She was dressed to impress . . . Greta Thunberg.
Sixteen years after Elizabeth Banks, 46, wore a red Badgley Mischka gown to the 2004 Vanity Fair Oscars Party, she turned up at the 2020 version of the same event in the very same dress.
“It’s gorgeous and it fits . . . so why not wear it again?!” the “Hunger Games” actress wrote on Instagram following the 2020 Oscars at the Dolby Theatre in Los Angeles.
Sunday night’s sartorial statement was a carefully laid plan, all in the name of sustainability.
“Proud to wear my @badgleymischka dress that I first wore to @vanityfair #oscars party in 2004, re-imagined with @wendiandnicole, to bring global awareness to the importance of sustainability in fashion and consumerism as it relates to climate change, production & consumption, ocean pollution, labor & women,” Banks posted.
While mere mortals “recycle” dresses — that is, wear their clothing more than once — without any effort beyond laundering them, it took a team of people to help Banks stage her moment.

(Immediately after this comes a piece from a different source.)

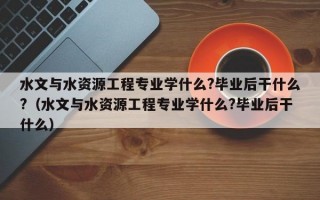 水文与水资源工程专业学什么?毕业后干什么?（水文与水资源工程专业学什么?毕业后干什么）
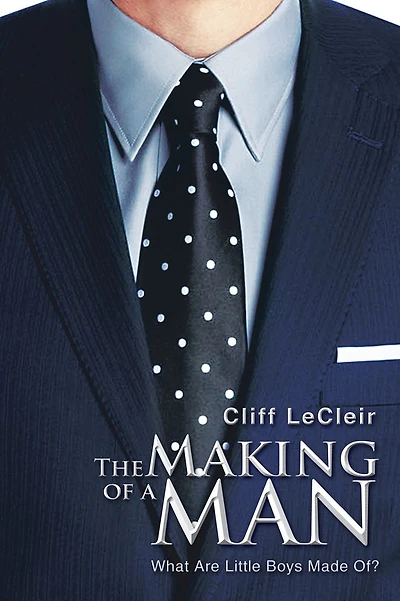 The Making of a Man: What Are Little Boys Made Of?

Stylists Wendi and Nicole Ferreira updated the actress/director’s look by swapping her 2004 updo and chandelier earrings for a sleek blowout, simple post earrings and a slinky diamond and pearl necklace by Irene Neuwirth.
The strategy was cooked up by Red Carpet Advocacy (RAD), a group that helps actors advocate for causes, and the New Standard Institute, which “helps brands draw down their carbon use and achieve measurable sustainability targets.”
Banks wasn’t alone in repeating an Oscar night look.
Jane Fonda turned up to the 2020 Academy Awards in the same Elie Saab Couture dress that she wore to the 2014 Cannes Film Festival. In November, the 82-year-old actress promised to never buy another item of clothing again.
And Best Actress nominee Saoirse Ronan donned a custom black and lavender Gucci gown repurposed from her BAFTAs 2020 dress — which was itself made using discarded satin.
No word on how any of those stars arrived at the events, but we can only hope it was by bicycle or public transportation.